The group’s focus is often on supply chain compromises targeting individuals, frequent use of compromised digital certificates, and Bootkit operations.
In an earlier APT41 campaign, the group conducted sustained and targeted cyberattacks from July 2014 through May 2016 on the medical devices subsidiary of a large corporation, HHS HC3 said.
“Their target was the parent company, however many of the compromised systems were associated with the medical device subsidiary. It is believed that APT41 was interested in information technology and software used by the medical device subsidiary,” HHS HC3 said.
Gearshift, a keylogger, was deployed in the medical device company’s environment; certificates were stolen and later used to target a biotech company.
“Sensitive information about the biotech company’s operations was targeted. This included human resources information, tax data, data related to developed drugs clinical trials, academic research, and R&D funding-related information,” HHS HC3 said.
North Korean Threats
Meanwhile, threats stemming from North Korean state-sponsored cybercrime groups, including APT43 and Lazarus Group, also pose considerable concerns for the U.S. healthcare and public health sector, HHS HC3 wrote.
APT43 is considered moderately sophisticated in its capabilities for social engineering, spear-phishing, credential harvesting and spoofed personae, HHS HC3 said.
The group is heavily active in cryptocurrency laundering to fund hacking operations under an apparent mandate from Pyongyang. APT43 also has focused on cyberespionage, including attacks on the health-related sectors in support of North Korea’s pandemic response efforts (see: North Korean Threat Groups Steal Crypto to Pay for Hacking).
Lazarus Group has been one of the most active North Korean cyberthreat groups for over a decade, HHS HC3 said.
The group focuses on espionage, intellectual property theft, financial fraud and geopolitical issues. Lazarus Group has been at the center of major cyber operations in a number of industries, including healthcare and intellectual theft attacks involving COVID vaccine data.
HHS HC3 has a long list of recommendations for how the healthcare sector can better defend against and mitigate the threats posed by Chinese, North Korean and other bad actors.
It includes reviewing domain controllers, servers, workstations and active directories for new or unrecognized user accounts; regularly backing up data; and ensuring copies of critical data are not accessible for modification or deletion from the system where the data resides.
Other recommendations include implementing network segmentation and having a recovery plan to maintain and retain multiple copies of sensitive or proprietary data and servers in a physically separate, segmented and secure location.
H-ISAC’s Weiss said that active participation in an information-sharing community is a valuable way to stay ahead of cyberthreats. “I’d also suggest reviewing the controls outlined in the Health Industry Cybersecurity Practices – HICP 2023 edition.

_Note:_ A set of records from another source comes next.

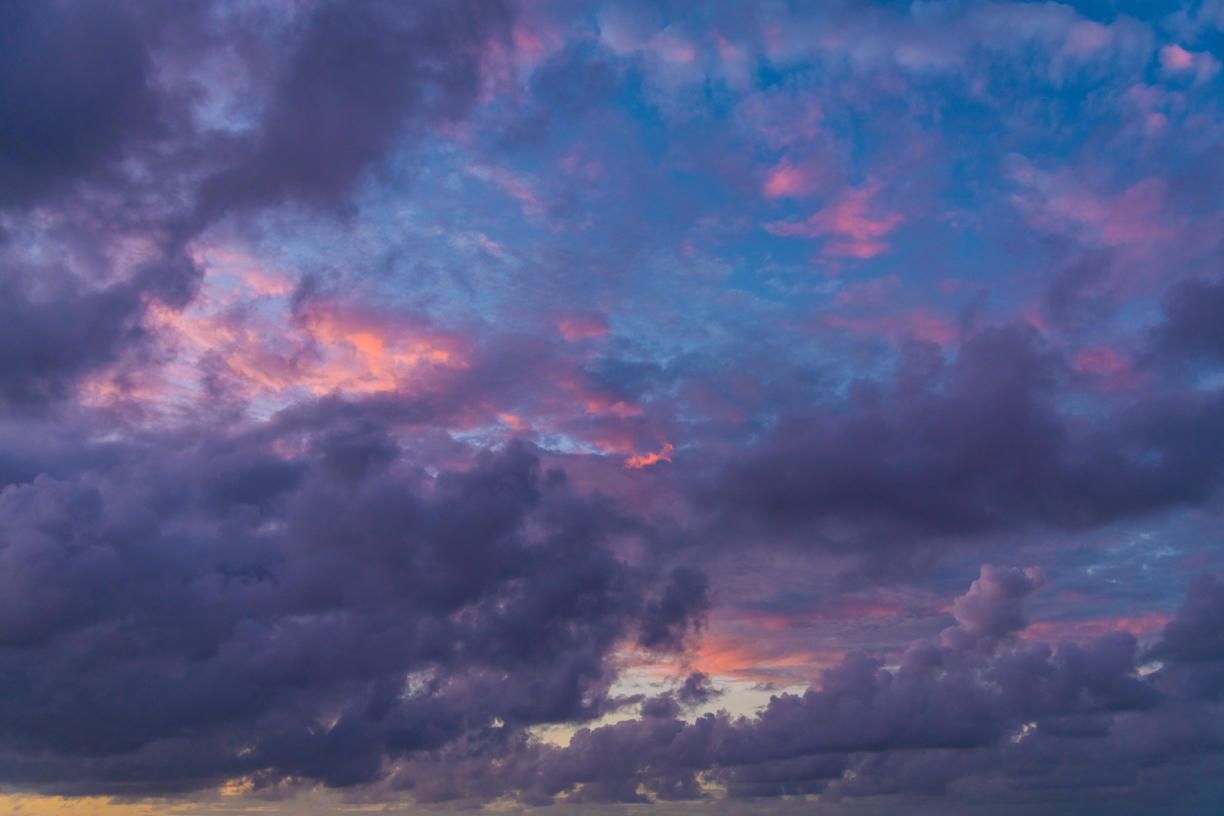 Tropical Storm | Luminar Marketplace(57)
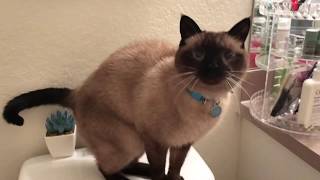 My Siamese Cat Talking to MeAgain [upl. by Bernadene]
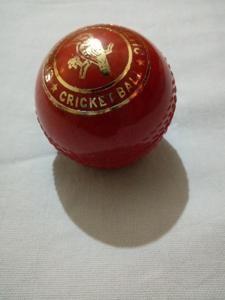 Practice Cricket Hard Ball (Synthetic) red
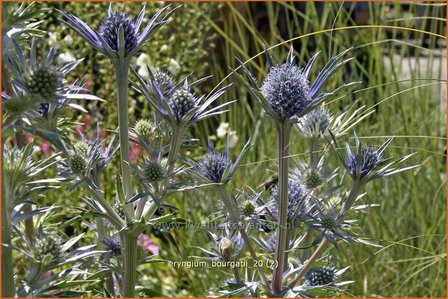 Eryngium bourgatii | Kruisdistel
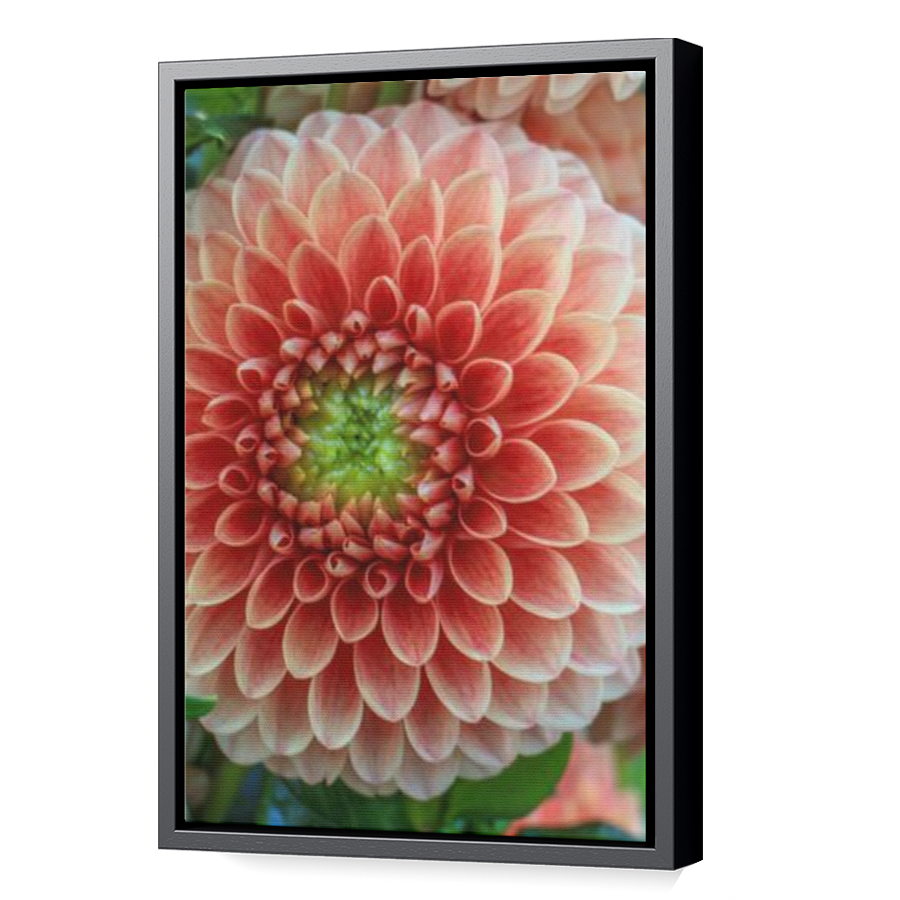 Thumbnail for Canvas - Black Floating Frame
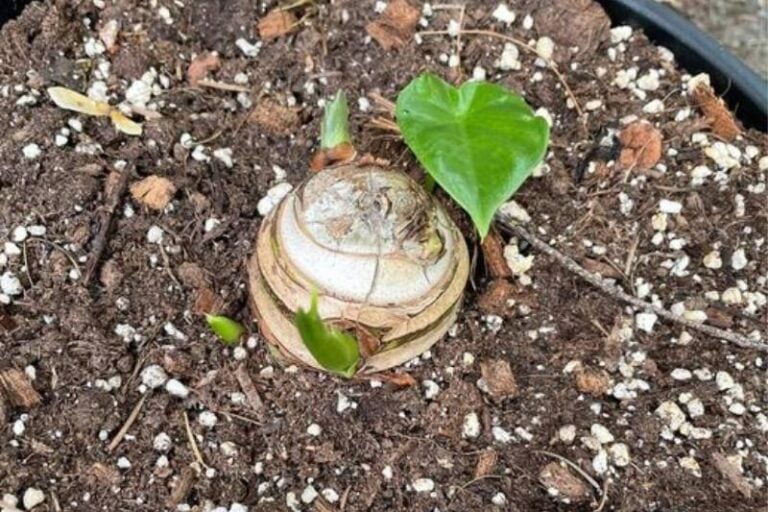 How To Overwinter Elephant Ear Plants Garden For Indoor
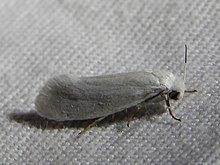 Tegeticula yuccasella 127111539.jpg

That paper is great because it’s tailored to meet the needs of large-, medium- and small-sized businesses.”
In addition to the threats spotlighted by HHS HC3’s report, Weiss advised healthcare and public sector entities to keep a close eye on disinformation campaigns coming from Russia and China.
“Chinese influencers launched social media campaigns that blamed the devastating fires in Maui on a secret U.S. government weapon. ‘Mis-‘ and ‘dis-‘ information can negatively impact the ability to provide safe and effective healthcare when the public accepts unreliable information about vaccines and medical procedures as fact,” he said.